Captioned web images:
====

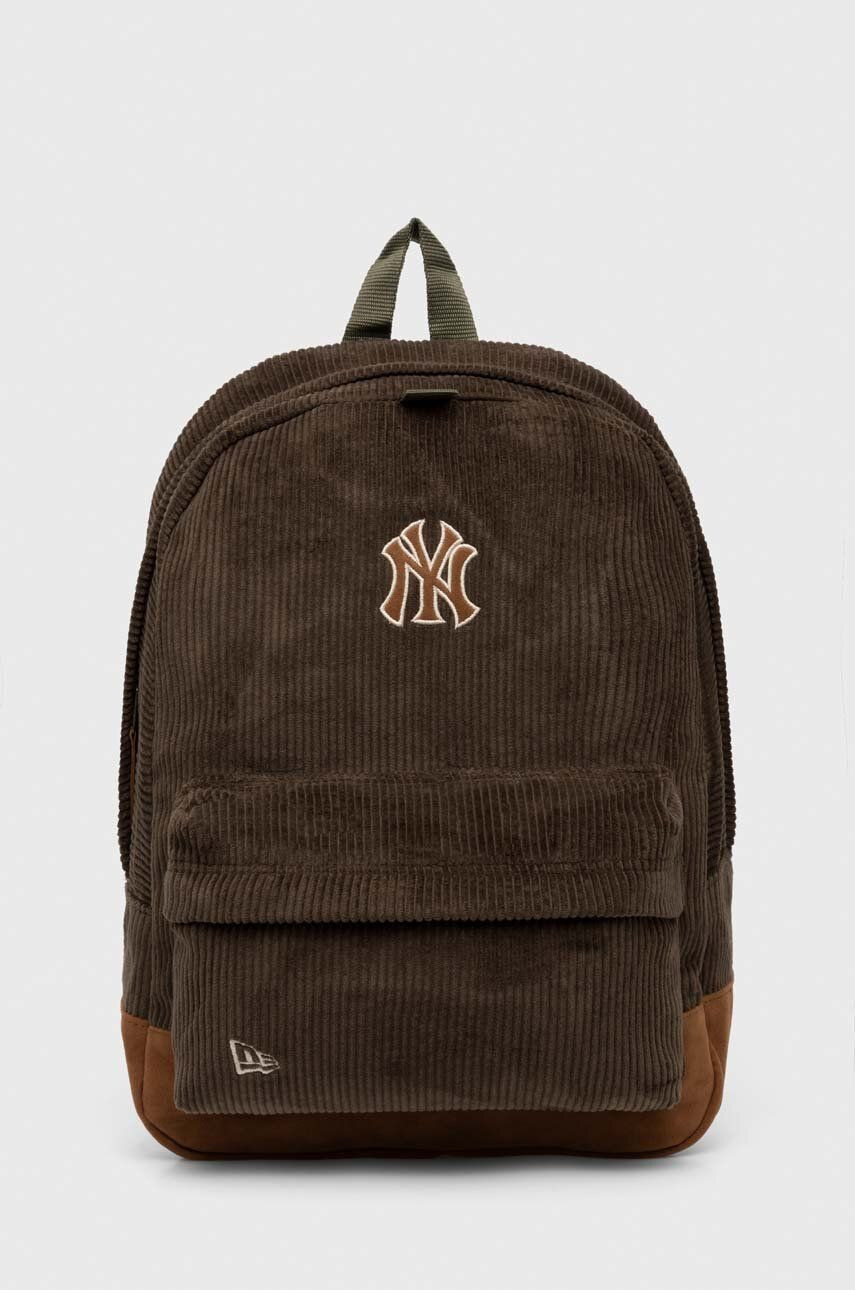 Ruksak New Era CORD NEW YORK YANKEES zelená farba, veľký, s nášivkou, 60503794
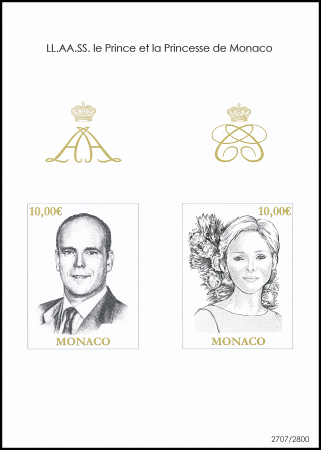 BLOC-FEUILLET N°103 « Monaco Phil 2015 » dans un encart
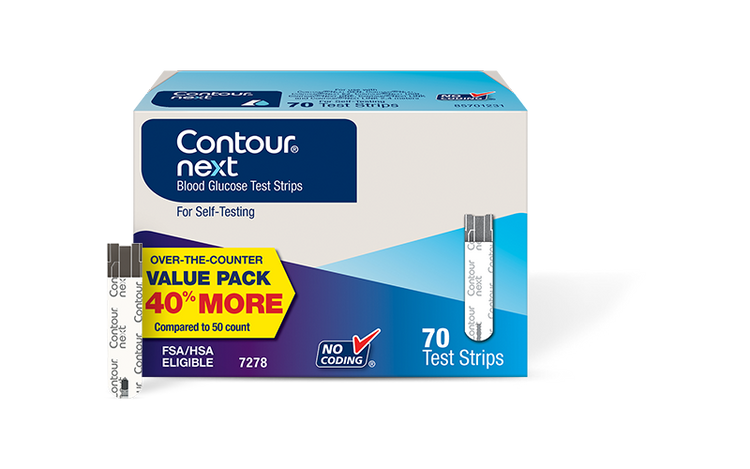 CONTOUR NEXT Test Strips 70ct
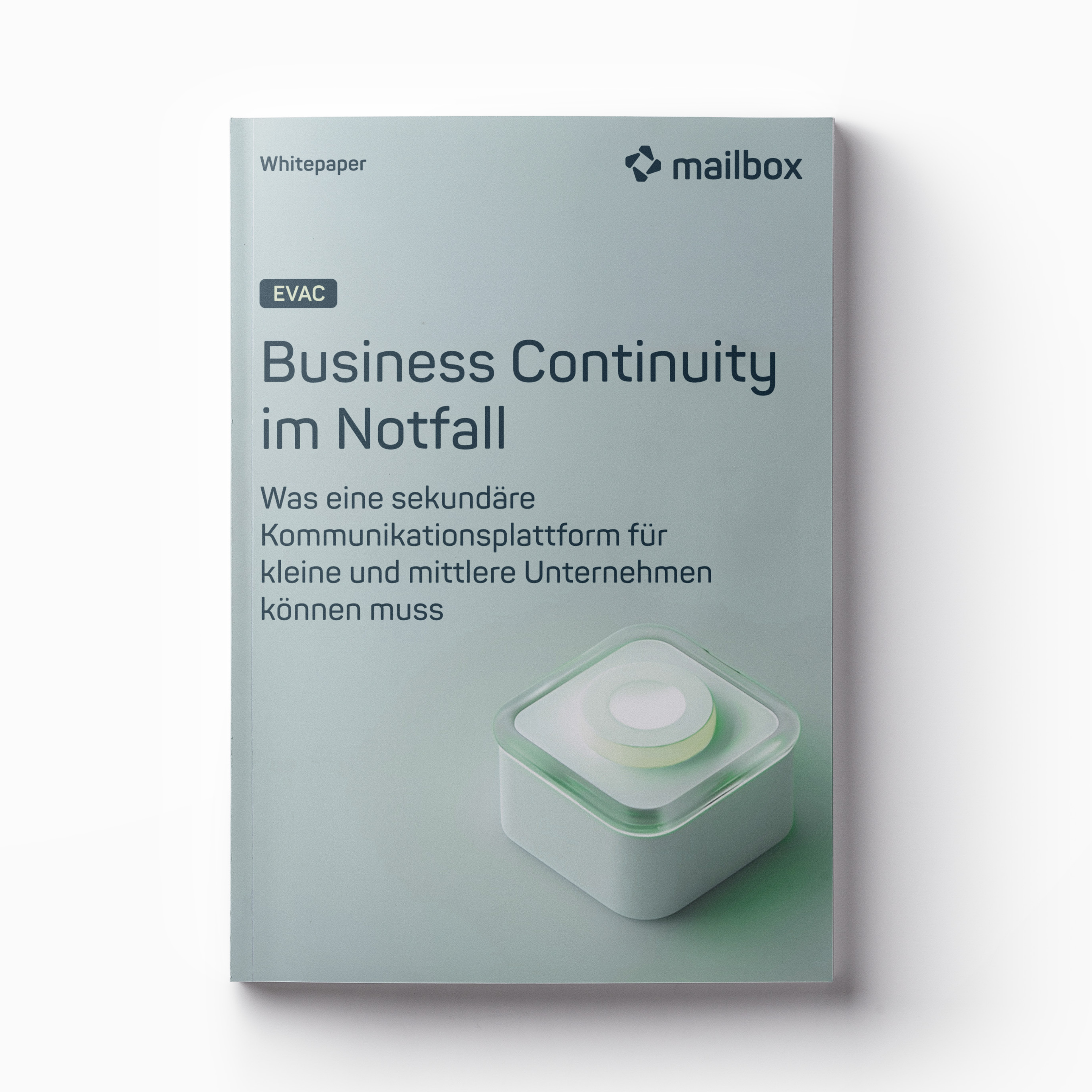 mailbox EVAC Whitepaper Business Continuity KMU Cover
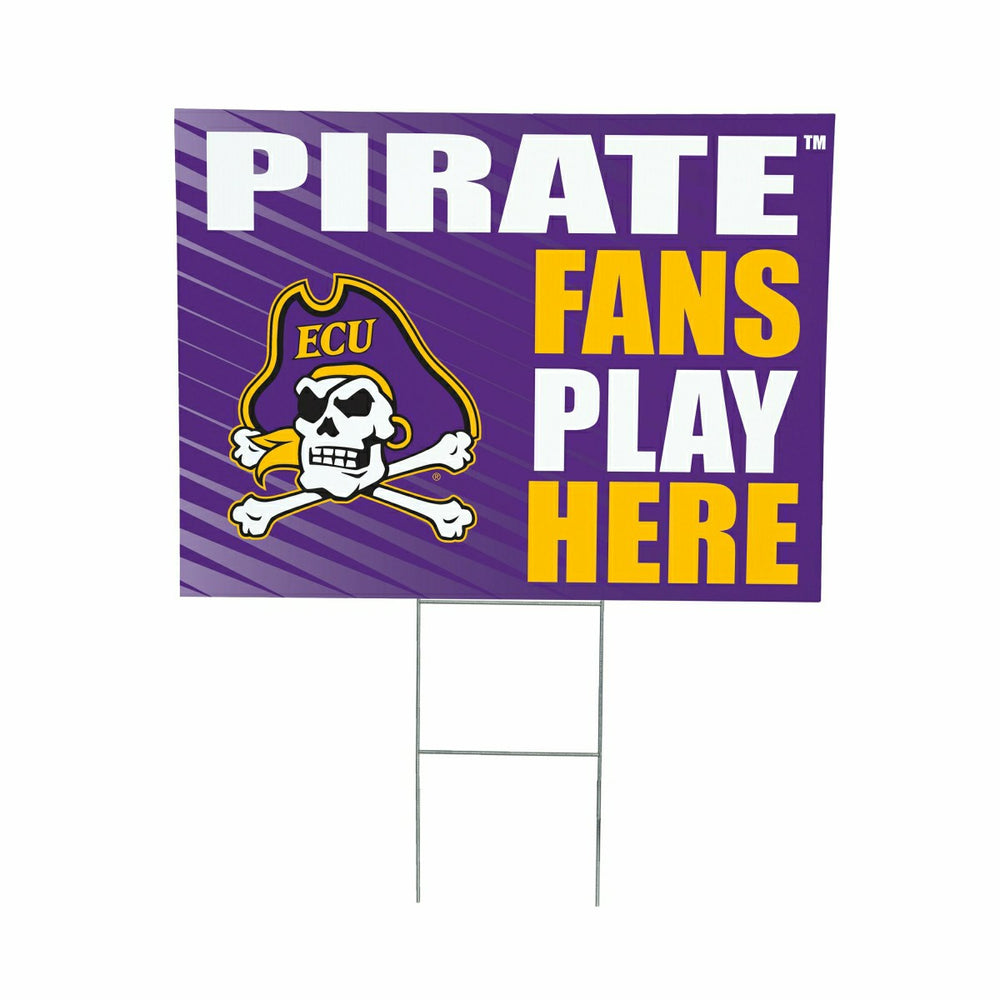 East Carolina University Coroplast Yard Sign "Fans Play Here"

====

All of the data gets printed again exactly; the pictures do not.

** SOLUTION TO THIS PROBLEM **
 Ruksak New Era CORD NEW YORK YANKEES zelená farba, veľký, s nášivkou, 60503794
 BLOC-FEUILLET N°103 « Monaco Phil 2015 » dans un encart
 CONTOUR NEXT Test Strips 70ct
 mailbox EVAC Whitepaper Business Continuity KMU Cover
 East Carolina University Coroplast Yard Sign "Fans Play Here"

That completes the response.